Good Luck. Bunnies are loads of fun. And are awesome animals to get to know.

K


----------



## MILU (Mar 25, 2012)

Spend lots of time with your new best friend, so you can bond well. Bunnies sometimes are VERY loving and can't stay away from you, but if you don't spend time enough together you might have the feeling that your bun doesn't care about you.. but it's just a matter of spending time together. 
Oh there's so much to say about rabbits.. I can't give good advice on food/housing as I'm in another country.. but I wish you the best of luck with your new friend!! :goodluck


----------



## MILU (Mar 25, 2012)

Ah, Rabbitats is a must see for an outdoor rabbit, they have lots of ideas of how to make the most incredible/awesome houses for your bunny!!

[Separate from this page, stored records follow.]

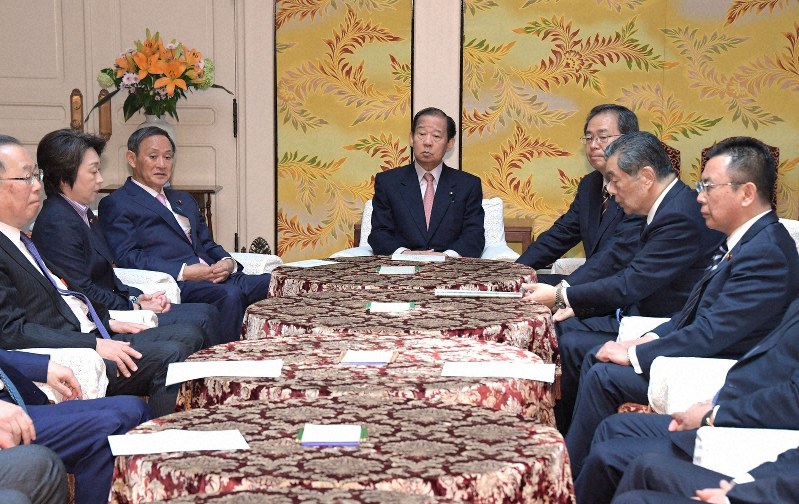 政府与党協議会に臨む自民党の二階俊博幹事長(中央)、公明党の斉藤鉄夫幹事長(右列奥)、菅義偉官房長官(左列奥)ら=国会内で2019年4月22日正午、川田雅浩撮影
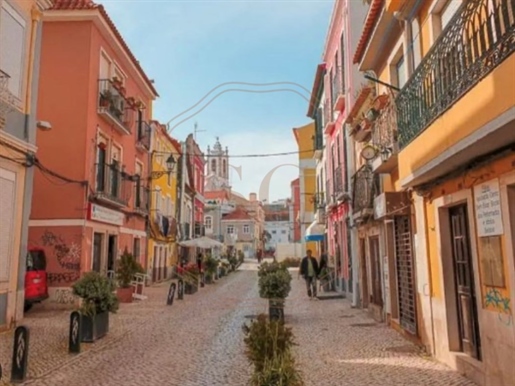 Building in Setúbal's Historic Center - Approved Project for Shop and 3 Apartments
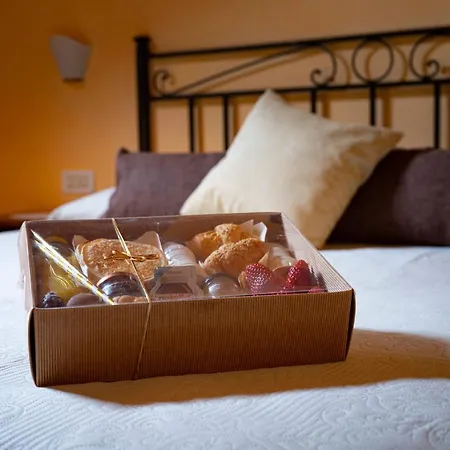 Donna Olimpia Bed & Breakfast *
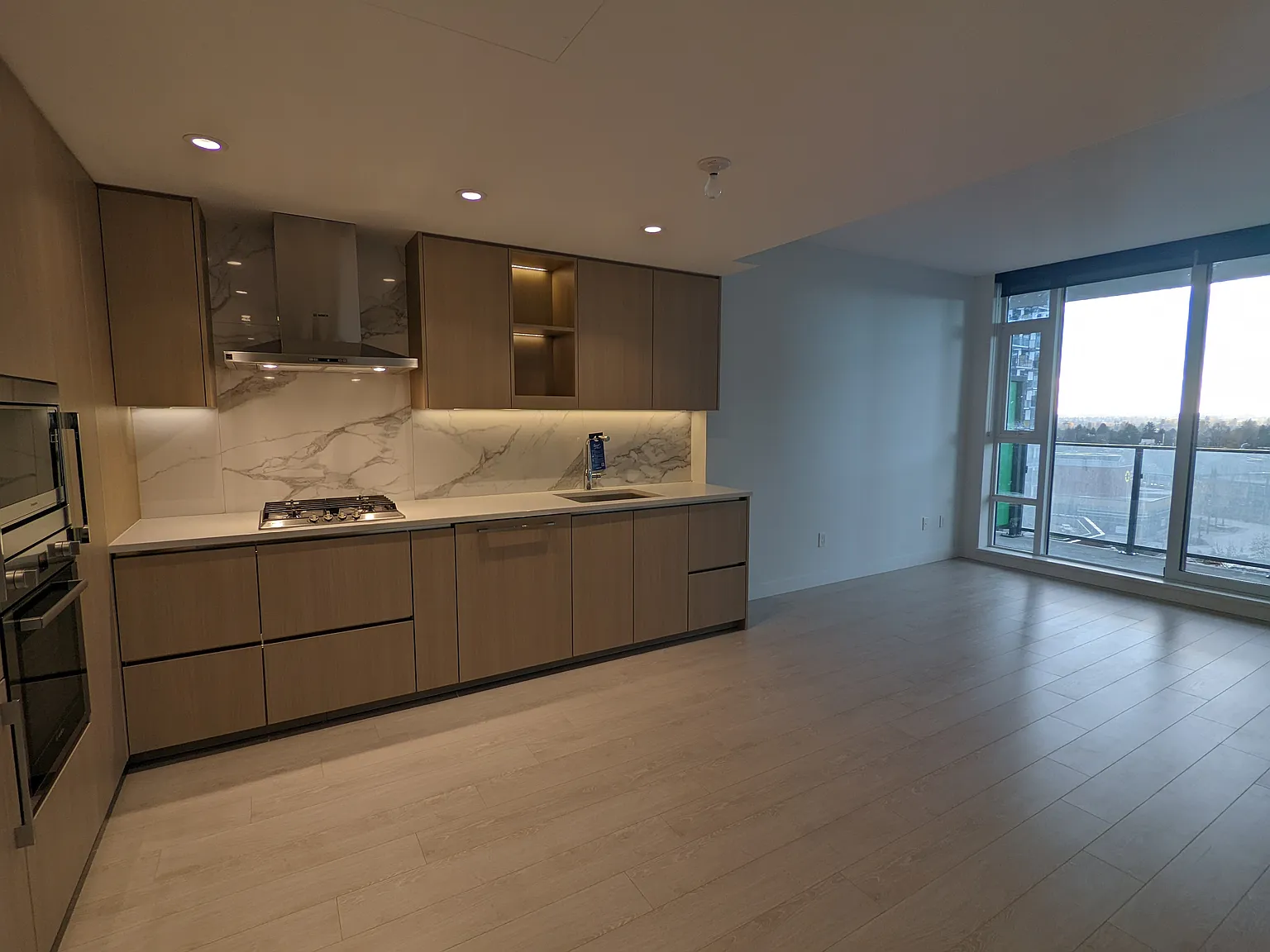 9887 Whalley Boulevard Surrey — Photo 2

http://www.facebook.com/pages/Rabbitats/185445044811381

http://www.facebook.com/media/set/?set=a.332076510148233.78227.185445044811381&type=1

http://www.facebook.com/media/set/?set=a.332096526812898.78231.185445044811381&type=1

http://www.facebook.com/media/set/?set=a.331374313551786.78054.185445044811381&type=1

This is their website. 
http://www.rabbitatsforhumanity.org/index.html

Btw, are you adopting a rabbit? I hope so, it's much better than buying! 
Well, I hope the info is useful..


----------



## belabunny (Mar 25, 2012)

thanks!


----------



## Oreonme (Mar 26, 2012)

hey iza it me oreonme(Vicky your cousin)The babies havent opened there eyes yet butr will son.
:missyou:nosir:


----------